Why is my eval accuracy so low?

I’m running a super simple feed forward neural network on a dataset consisting of 128 features over 50 classes. These features are sentence embeddings I’ve extracted from a BERT model where I’m already reaching 0.73 accuracy.

During training, the loss goes down consistently and the accuracy on the training set is usually at least 0.40 depending on what I set the hyperparameters at.

But the accuracy on the dev set is always extremely low.

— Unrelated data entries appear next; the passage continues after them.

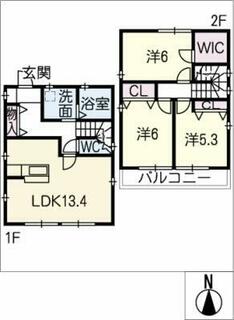 間取り：221014855109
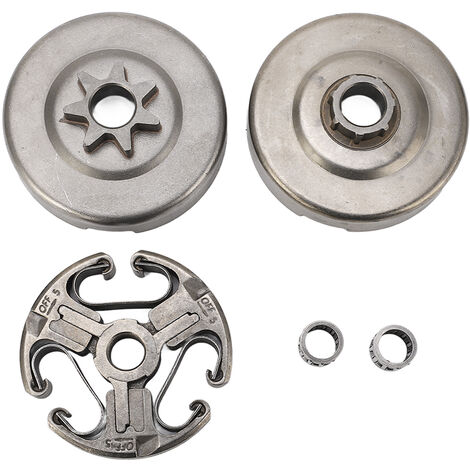 Carter D’Embrayage Pour Tronçonneuse Husqvarna 372XP, 365, 372 Et Autres Modèles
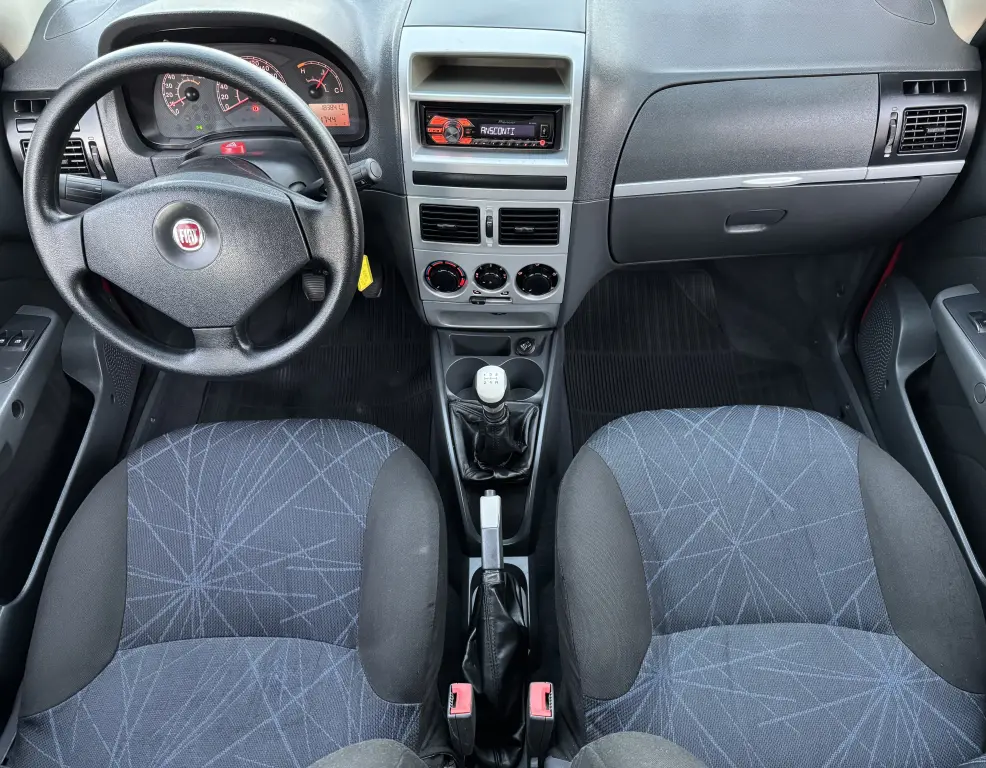 FIAT Palio Weekend - Foto
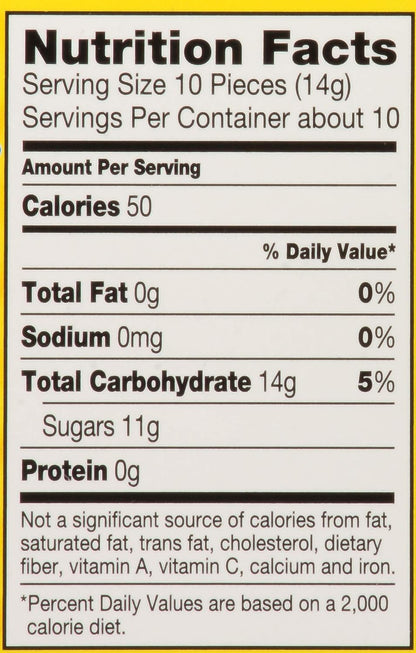 Lemonhead Hard Lemon Candy, 5 Ounce Movie Theater Candy Box (Pack of 12)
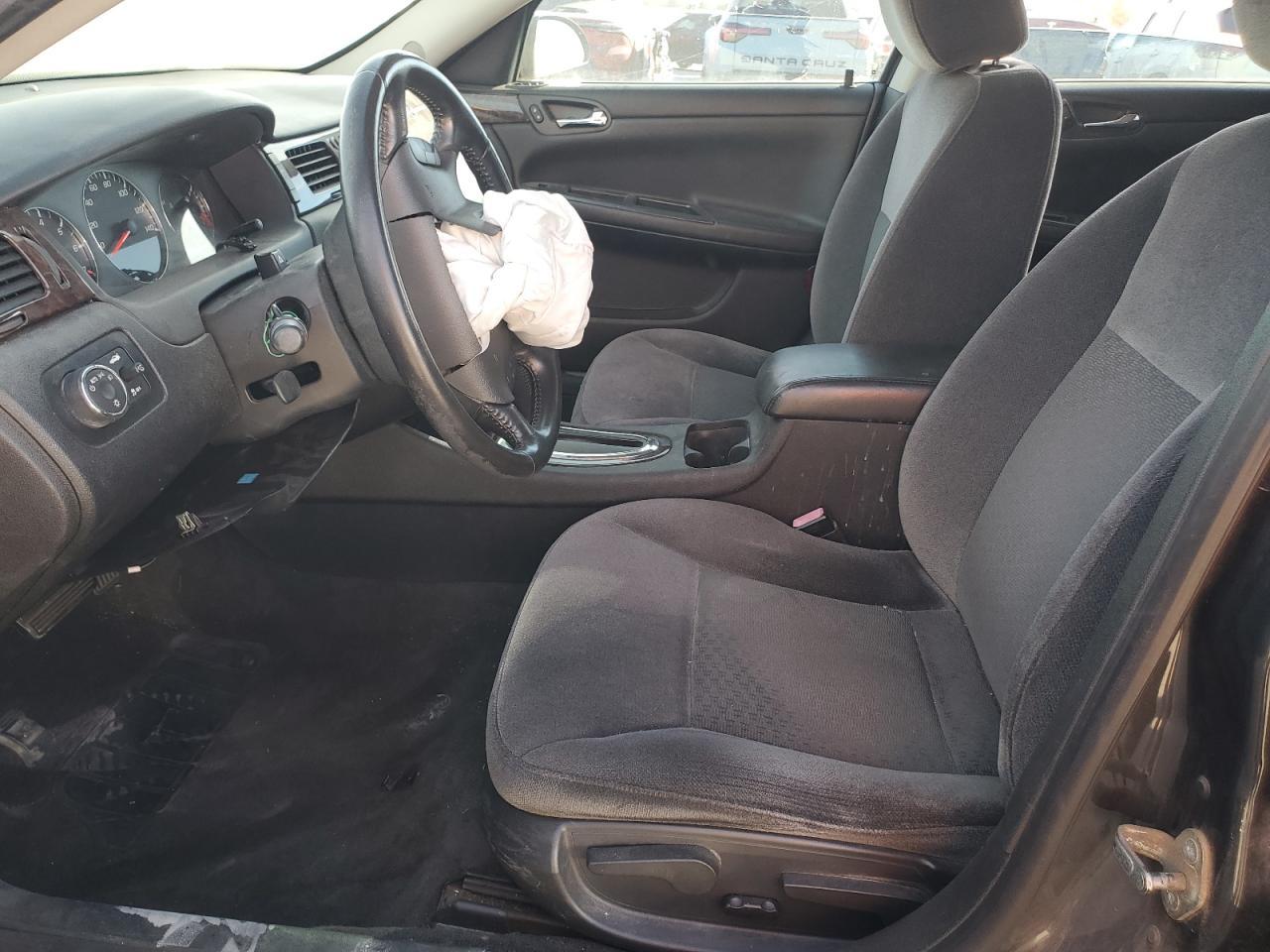 2013 CHEVROLET IMPALA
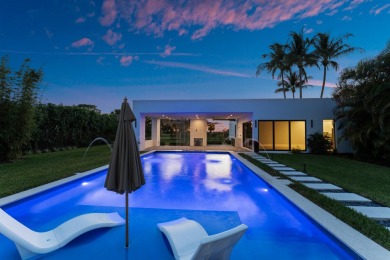 Ultra-Modern Architectural Estate in Stuart, FL -- Where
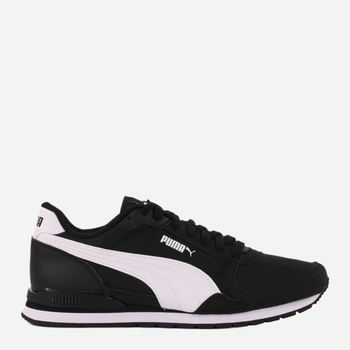 Buty sportowe chłopięce Puma ST Runner v3 NL Jr 384901-01 37.5 Czarne (4064536370040)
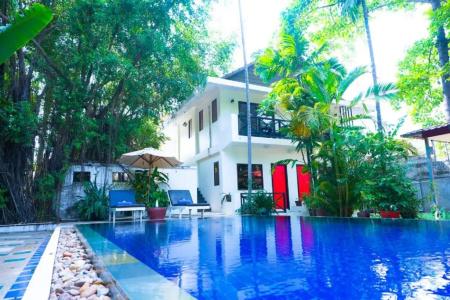 The Cockatoo Nature Resort & Spa - 94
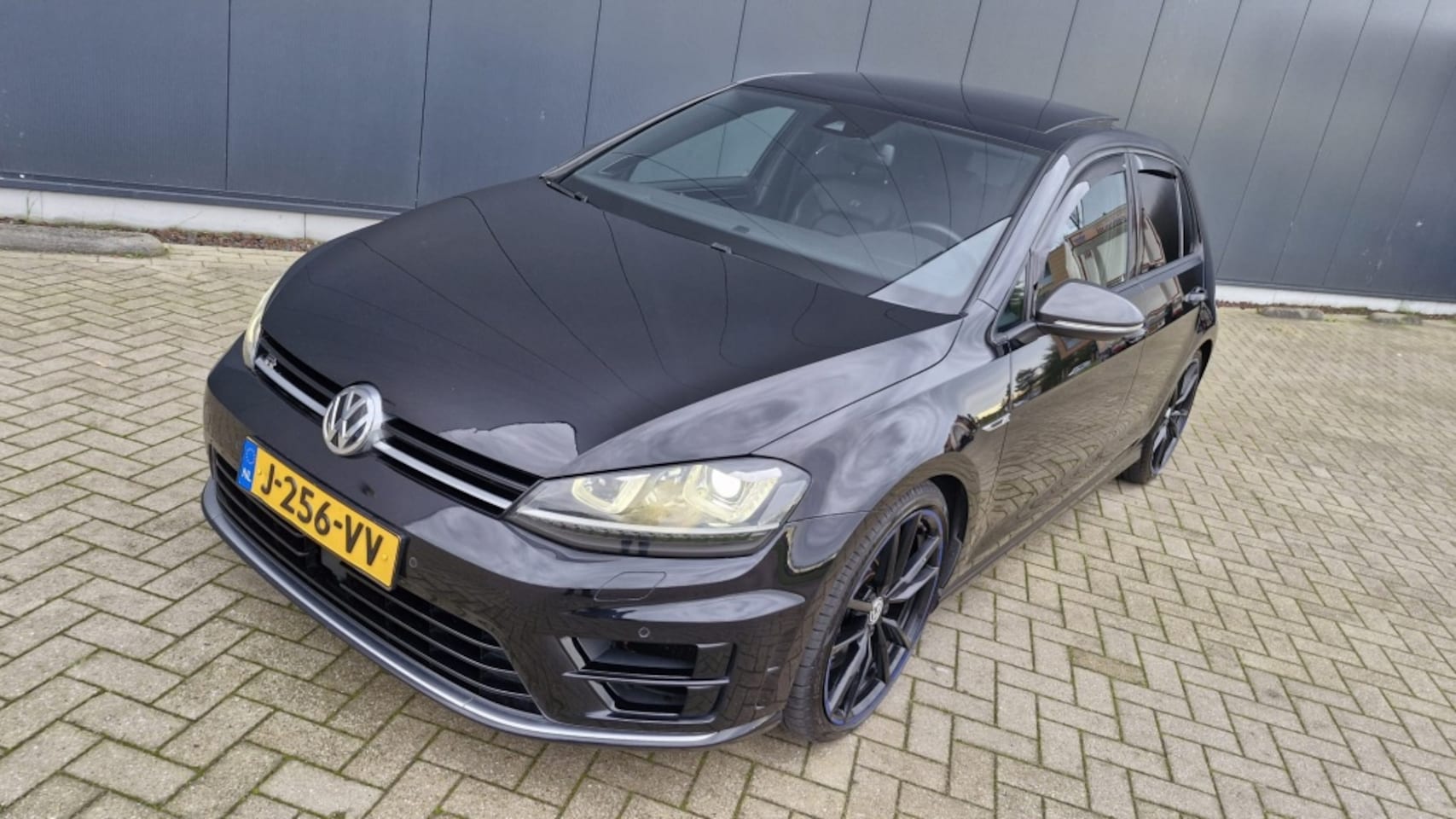 Volkswagen Golf - R 2.0 TSI R 4Motion full option - AutoWereld.nl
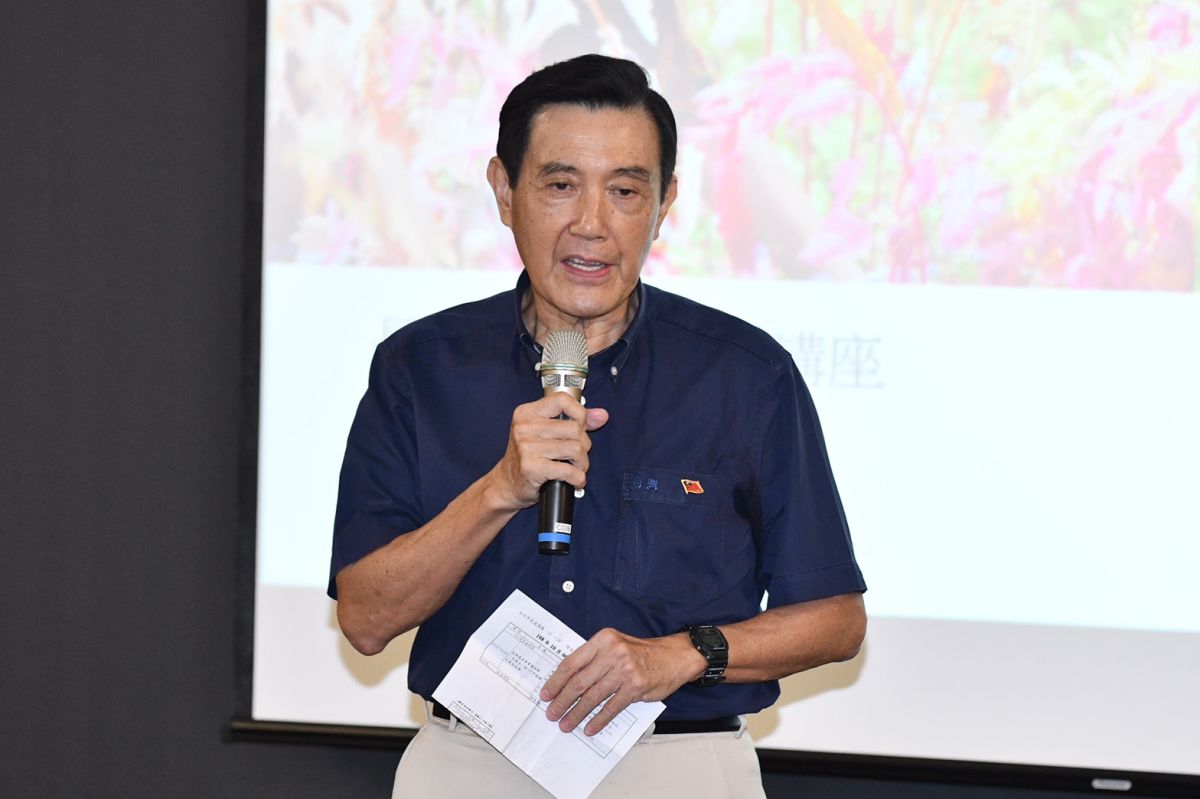 ▲前總統馬英九辦公室表示，對於李前總統辭世，馬英九感到不捨，並對李夫人及家屬致上誠摯哀悼之意。（圖／NOWnews資料照）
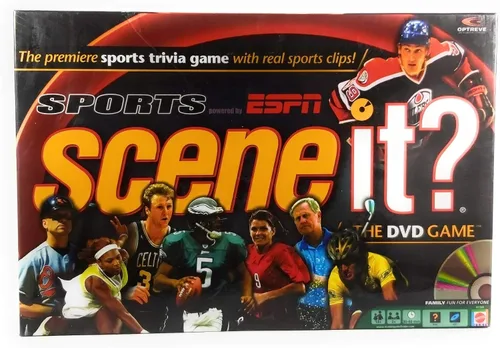 Miniatura 2 de Scene It Deportes impulsados por ESPN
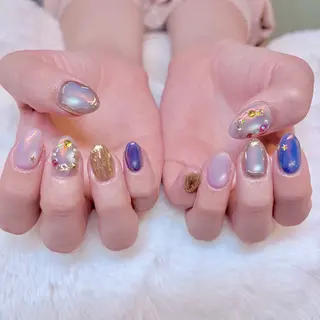 ネイル nail salon e'mu💐のネイルデザイン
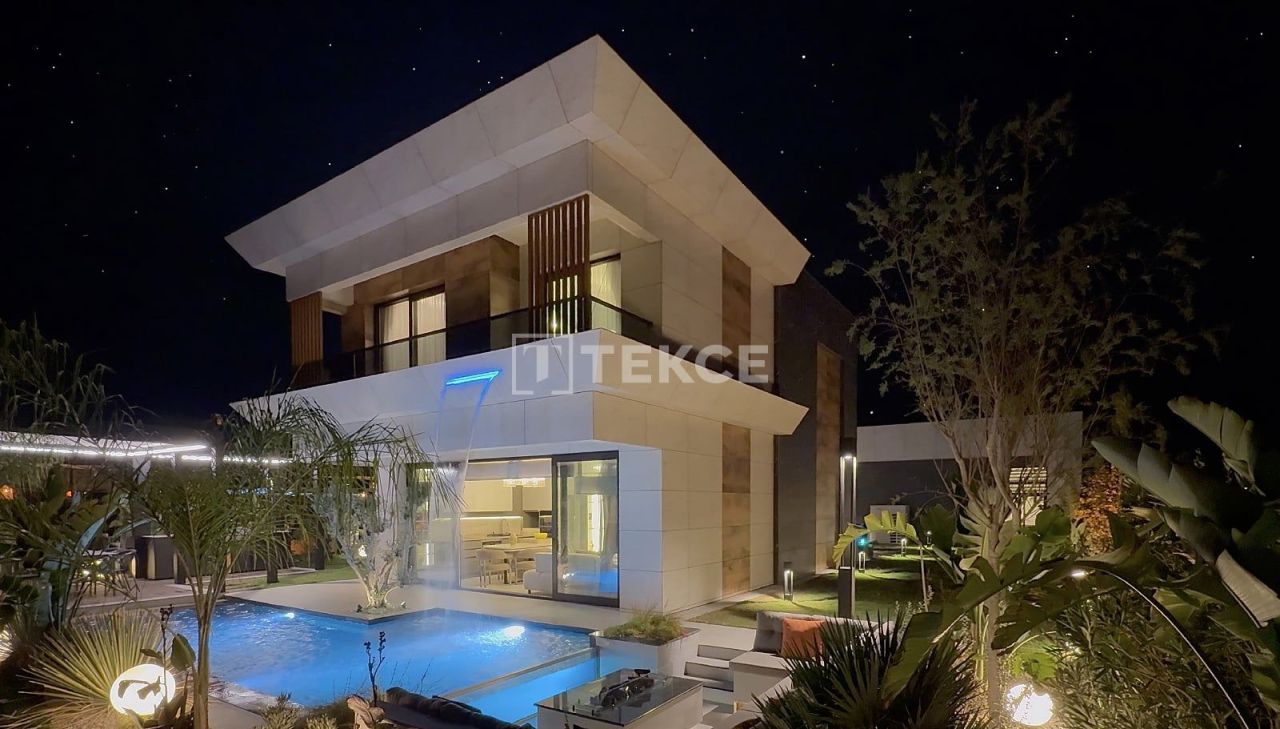 Вилла в Милясе, Турция, 170 м² - фото 6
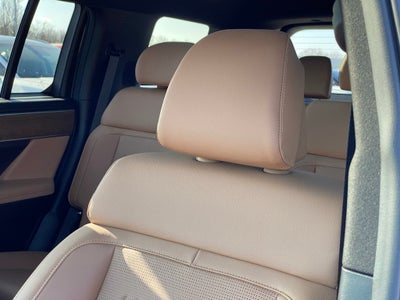 2026 Hyundai Santa Fe Limited AWD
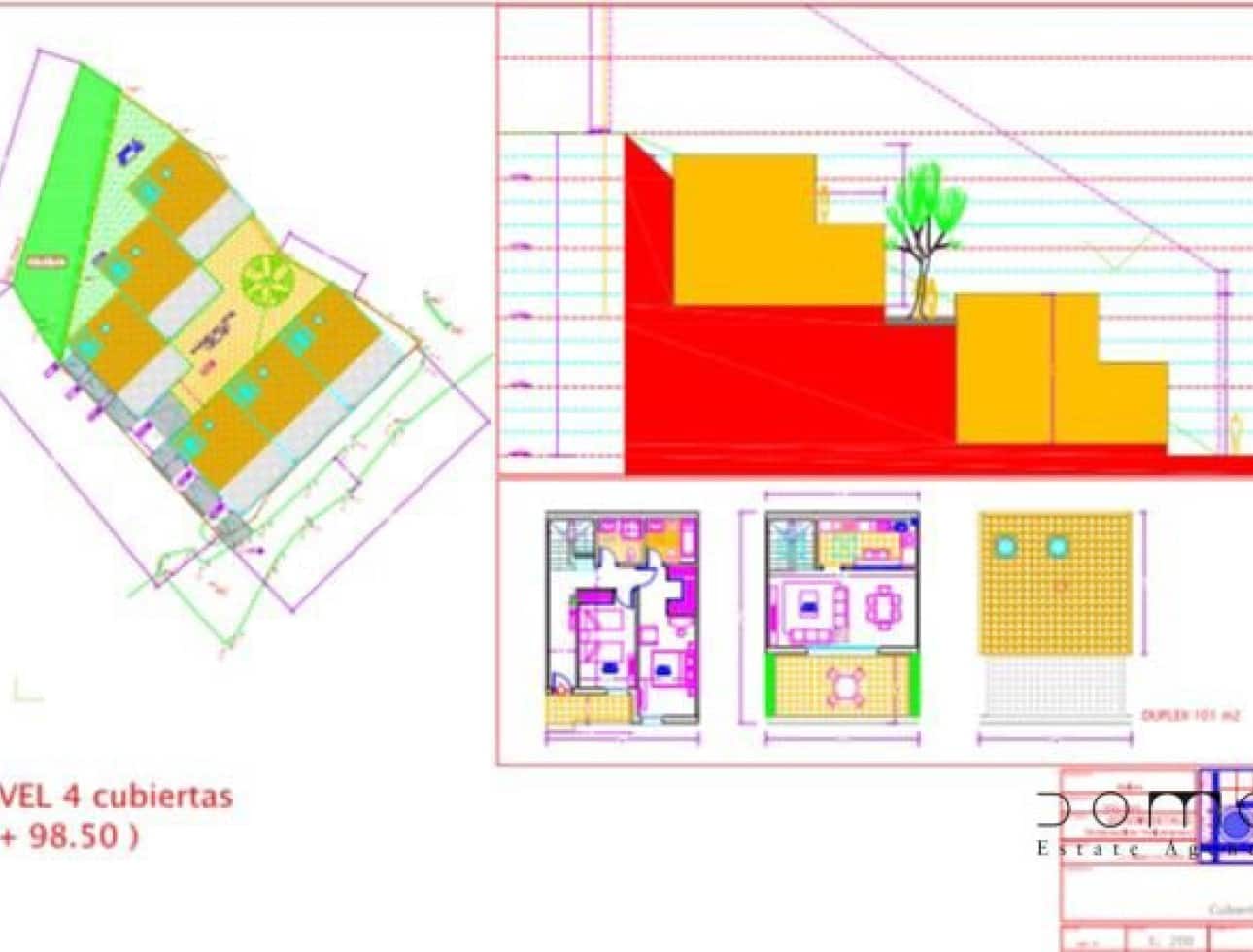 Grunde uden byggetilladelser til salg i Bedar - € 80.000 (Ref: 8511088)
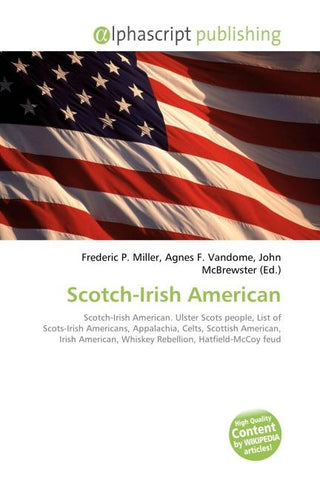 Scotch-Irish American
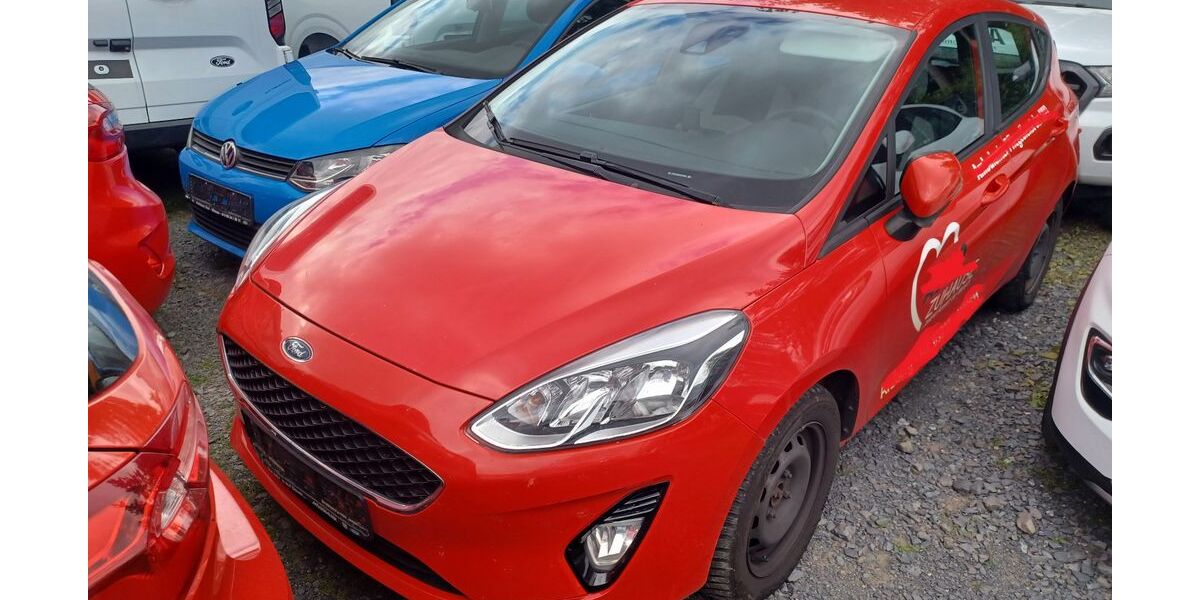 Ford Fiesta 187.000 km 4.990 &euro; Wiesau 95676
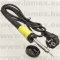 SZERSZÁM PÁKA  FP30W/FIXPOINT  230V 30W 5mm  FORRASZTÓPÁKA - 52-01-73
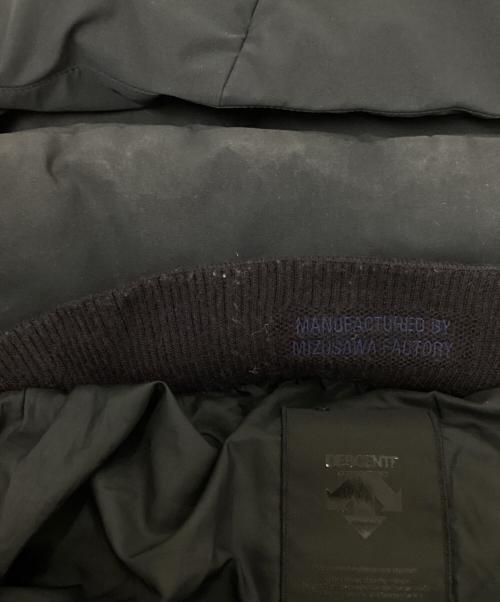 DESCENTE ALLTERRAIN（デザイント オルテライン）DESCENTE ALLTERRAIN (デザイント オルテライン) MIZUSAWA DOWN JACKET 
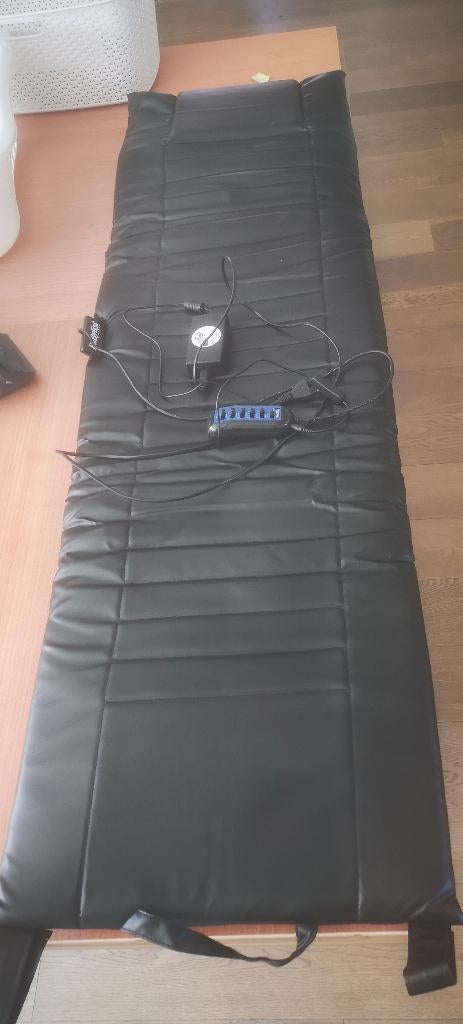 Massage matras, Enlèvement, Comme neuf, Appareil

In most cases it’s usually <0.02, which is worse than random guessing.

Things I’ve tried:

  • Learning rates of [0.1, 0.01, 0.001, 0.0005, 0.0001, 0.00001]
  • Adding extra layers in the neural net
  • Using sigmoid and tanh instead of ReLU
  • Removing dropout layer
  • Adding batch norm layer
  • SGD instead of Adam

Code:

class NeuralNet(nn.Module):
    def __init__(self):
        super().__init__()
        self.hidden1 = nn.Linear(128, 80)
        self.output = nn.Linear(80, 50)

        self.relu = nn.ReLU()
        self.dropout = nn.Dropout(p=0.5)

    
    def forward(self, x):
        x = self.hidden1(x)
        x = self.relu(x)
        x = self.dropout(x)

        x = self.output(x)
        return x

nnet = NeuralNet()

loss_function = nn.CrossEntropyLoss()

optimizer = optim.Adam(nnet.parameters(), lr=0.001)

nnet.double().to(device)

# Create the DataLoader for our training set.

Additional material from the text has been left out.